ENTRIES PROVIDED:
★ ★ ★ ★

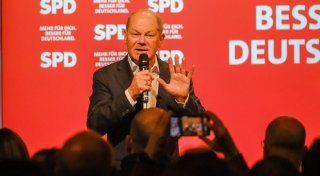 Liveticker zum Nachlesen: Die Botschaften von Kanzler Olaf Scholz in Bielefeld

★ ★ ★ ★

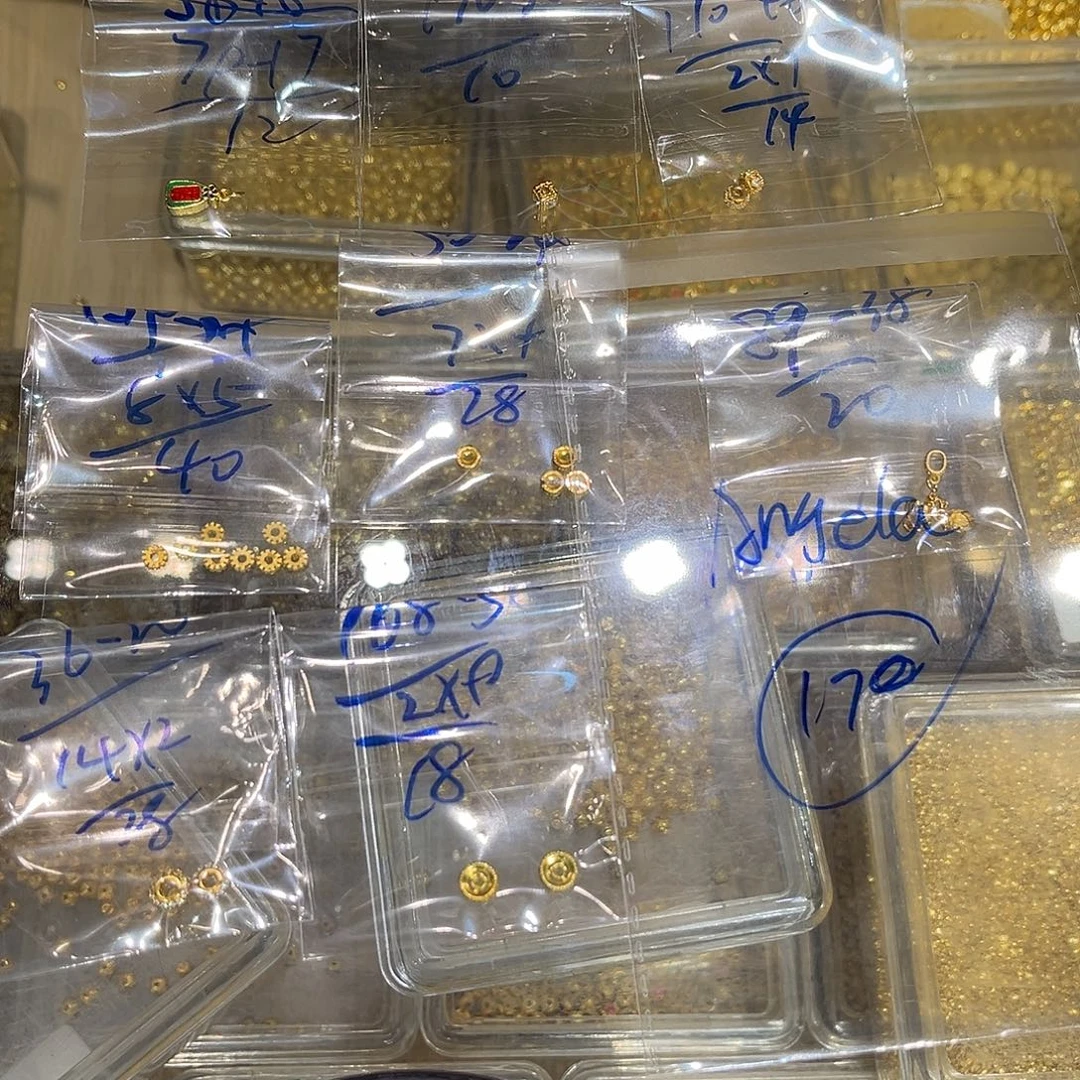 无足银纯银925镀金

★ ★ ★ ★

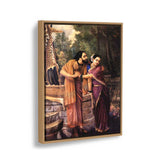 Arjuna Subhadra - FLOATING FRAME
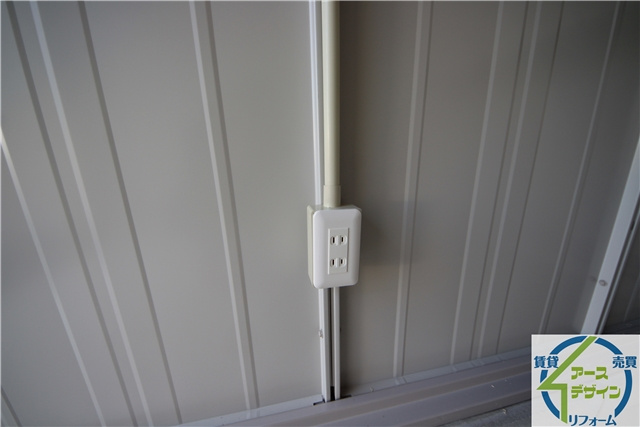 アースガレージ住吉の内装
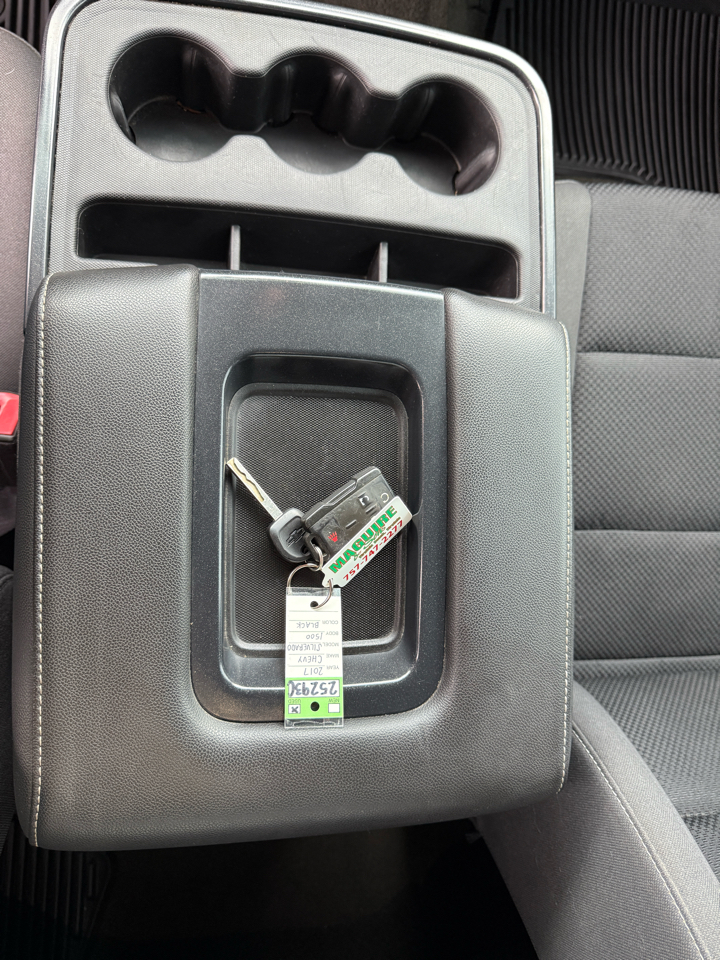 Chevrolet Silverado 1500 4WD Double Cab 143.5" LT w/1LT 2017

★ ★ ★ ★

EXERCISE: Within the listing above, write out the stretch from the line with "アースガレージ住吉の内装" through the line with "Chevrolet Silverado 1500" exactly. Any pictures are to be left out.

EXERCISE SOLUTION:
 アースガレージ住吉の内装
 Chevrolet Silverado 1500 4WD Double Cab 143.5" LT w/1LT 2017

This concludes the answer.